Protesto ediyorum

HER şeyi orta yerde yaşayabilir misiniz?

Özel durumlarınızın herkesçe bilinmesini ister misiniz?

Mesela, sevgilinizle evinizde geçirdiğiniz gecenin tüm detaylarından bütün Türkiye’nin haberdar olmasını?

Ne yediniz, ne giydiniz, birbirinize ne dediniz, nerede seviştiniz...

Sevgilinizle olması şart değil, yalnız geçirdiğiniz saatler için de aynı şey...

Peki çektiğiniz mesajları herkesin okumasını ister misiniz?

Sahi, kim ister gözetlenmeyi?

Bana BBG evini hatırlatmayın lütfen!

Oradakinin ‘yapay özel hayat’ olduğunu hepimiz biliyoruz. O evdeki hiç kimsenin gerçek hayatında gözetlenmek istemediğinden eminim. Onlar da çoğumuz gibi perdeleri aralık kalsa huzursuz olurlar herhalde.

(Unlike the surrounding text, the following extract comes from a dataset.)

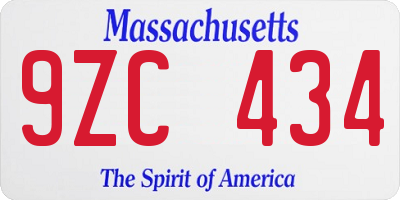 MA license plate 9ZC434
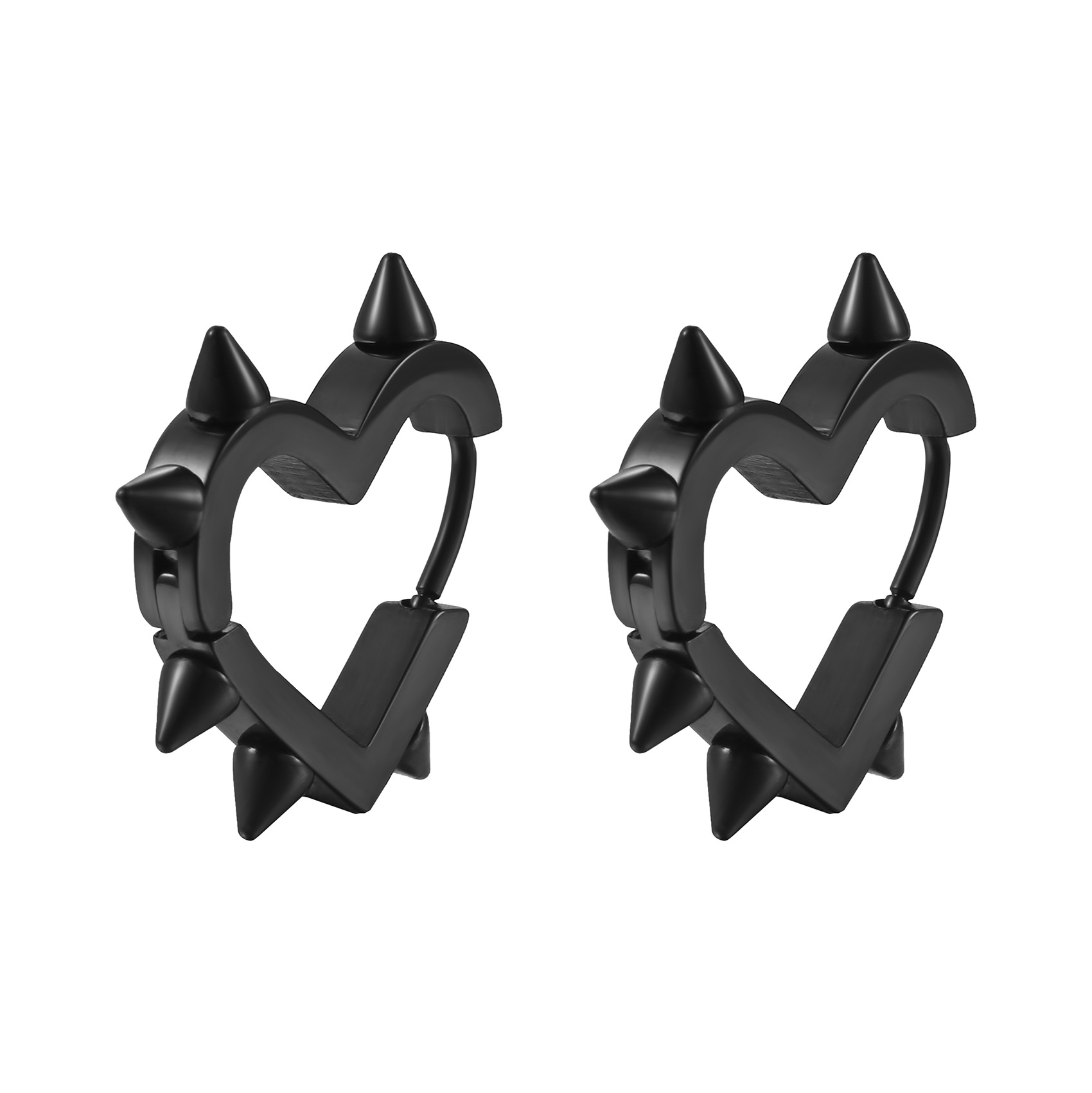 Hip-hop Heart Shape Titanium Steel Plating Rivet Earrings 1 Pair display picture 4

Bilmiyorum, ‘Benim gizlim saklım yoktur, bütün memleket içeri buyursun’ diyen var mıdır...

Gerçi son yıllarda her şey tersine döndü. Belki benim kadar mahremiyete önem verenlerin ruh sağlığından şüphe etmeli artık. Olabilir yani.

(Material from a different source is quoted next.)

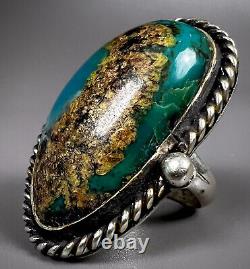 Huge Vintage Navajo Native American Sterling Silver Chrysocolla Turquoise Ring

Ama ben yine de benim gibi düşünenlerin çoğunlukta olduğuna inanıyorum.

***

Fakat istemeseniz de bir gün geliyor, her şeyiniz ortaya dökülüyor.

Sırf sevgilinizin duyacağını zannederek sarf ettiğiniz en müstehcen sözleriniz...

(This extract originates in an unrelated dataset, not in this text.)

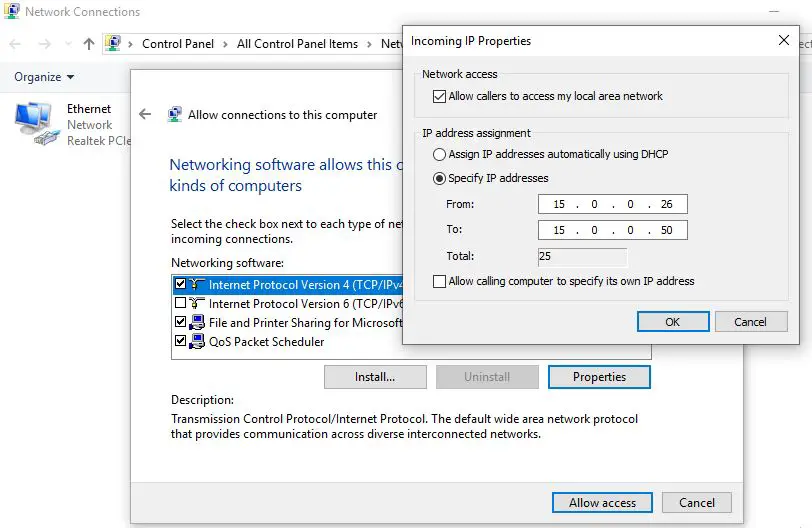 Select the protocols and IP for VPN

Geceliğinizin, iç çamaşırınızın rengi...

İnsanlar kahvelerini yudumlarken okuyorlar bunları.

‘Hop, n’oluyor!’ da diyemiyorsunuz üstelik.

Artık yaşamıyor oluyorsunuz çünkü.

Evet bir cinayet ya da intihar sonucunda ölen herkesin başına geliyor neredeyse bu dediğim.

Her gün bir örneğine rastlıyoruz gazetelerde.

Olayın aydınlatılması için bütün detaylar gerekli olabilir. Ama bunları bütün Türkiye’nin bilmesi, duyması da gerek midir?

‘Amaaan, ben benden gittikten sonra...’ diyebilirsiniz tabii.

Ben diyemem şahsen.

Ölümümden sonra da olsa hayatımın böyle afişe edilmesini hiç istemem.

Onun için bu tarz haberleri kendi çapımda protesto ediyorum, okumuyorum. Ben bilmeyeyim bari. Bir kişi bir kişidir.

MIŞ-MUŞ

Evi 4 kez soyulan gazete yöneticisine polis, ‘Siz en iyisi bir silah alın’ demiş.

Hatta eliniz değmişken biraz da devriye gezin!

*

Kültür ve Turizm Bakanı Koç, ‘110 kiloluk balerinlerimiz var’ demiş.

Sonra ağzı var diye habire konuşan bakanlarımız var.

*

Erdoğan, ‘Avrupa bizimle şaka yapmasın, konuşmaları keseriz’ demiş.

Kadir İnanır, yerini Erdoğan’a bıraktı.